FF Raise Concerns Over Ireland's Pension System

Fianna Fáil has raised concerns after the Melbourne Mercer Global Pensions Index (MMGPI) ranked Ireland's pension system 11th out of 25 countries for a second year running.

The report also ranked the sustainability of the Irish pension system is ranked in just 20th place. The reliance on the state pension is a key factor affecting Ireland's sustainability ranking, Fianna Fáil spokesperson on Social Protection and Social Equality Willie O'Dea said.

"The issue of pensions and adequate financial resources in retirement can no longer be ignored. Life expectancy is increasing and it is projected that demographic changes will result in considerable changes in the ratio between the numbers of people at work and those in receipt of pensions. This issue has been flagged several times before yet Fine Gael and Labour have failed to address it in any comprehensive way," Minister O'Dea said.

"Furthermore, the pension levy did serious damage to incentivise saving for retirement which resulted in a €2.4 billion raid on private pension funds. While this was abolished in the latest budget the extension of the pension fund levy into 2015 was a betrayal of the government's consistent claims that it would a temporary levy to fund job creation.

"The report highlights that we are too reliant on the state pension and we must look at other alternatives to ensure that our citizens have an adequate income in retirement. Pension coverage has to be improved and how we approach this requires serious consideration. Pension coverage is very low in certain sectors. The National Pensions Framework published in 2010 cites the examples of the hotel and restaurant sector (pension coverage of 23 percent) and the wholesale and retail trade (pension coverage of 36 percent) that have very low pension coverage. This has serious consequences for people working in these sectors and needs to be addressed.

"There are a number of options to consider. It is clear that there is a need for a low cost alternative if pension coverage is to be increased and this could be achieved through the involvement of the NTMA.  Other options to consider include ‘auto enrolment' which involves enrolling all employees into a pension scheme without forcing them to stay in it. This could help increase the proportion of people saving for a pension. While another option would be the establishment of a trust, similar to that in place in the UK, which would manage employee funds. However, before any decision is made a comprehensive analysis is required to determine the extent to which there is an under-saving problem and by whom and also the feasibility of such system in an Irish context."
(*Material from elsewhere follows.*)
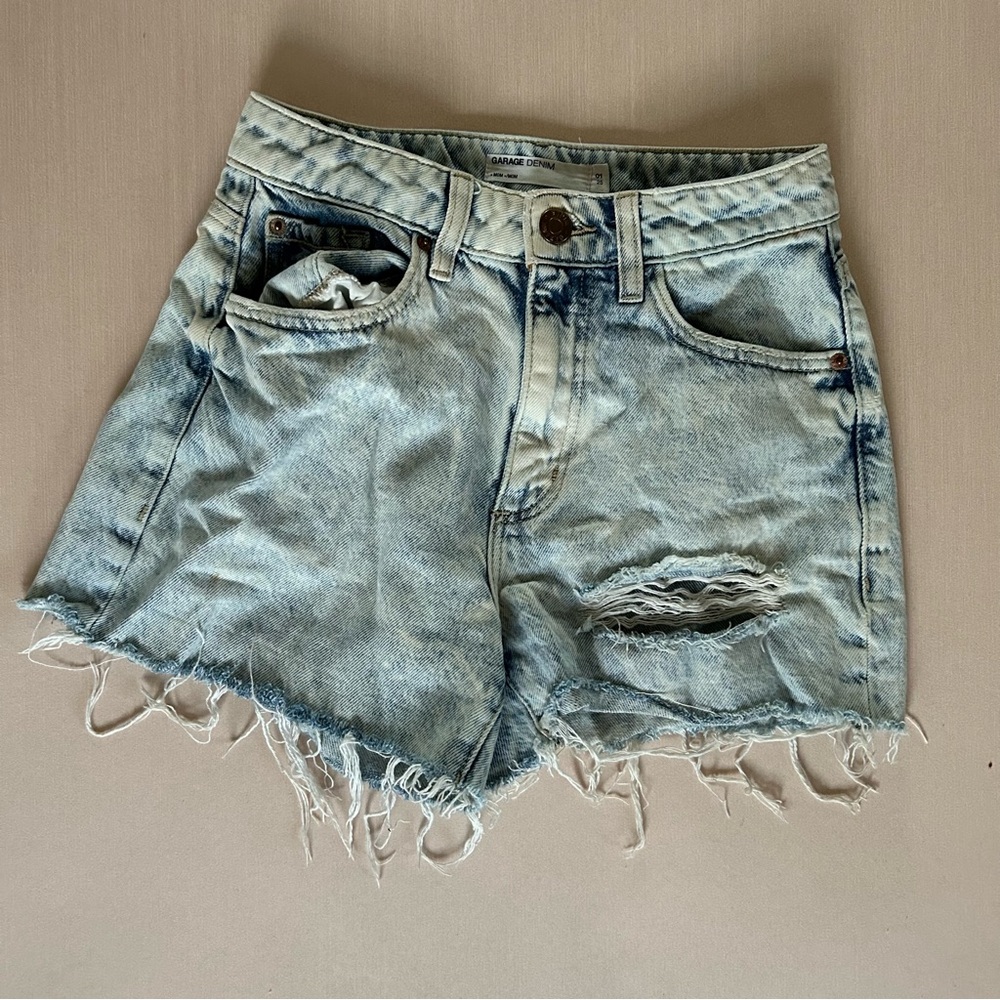 Garage Denim Light Wash Jean Shorts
The report also highlights that the pension system could be improved by providing greater protection of members' accrued benefits in the case of employer insolvency and Fianna Fáil concurs with this and believes it is vital that appropriate safeguards are in place to protect employees in such circumstances.

"Many people are shying away from addressing the issue of income security in retirement, feeling over-whelmed by the number and complexity of schemes and systems. It is crucial that people are given clear and plain English information so that they can make informed choices about their retirement and have a clear understanding of what they need to safeguard their financial future."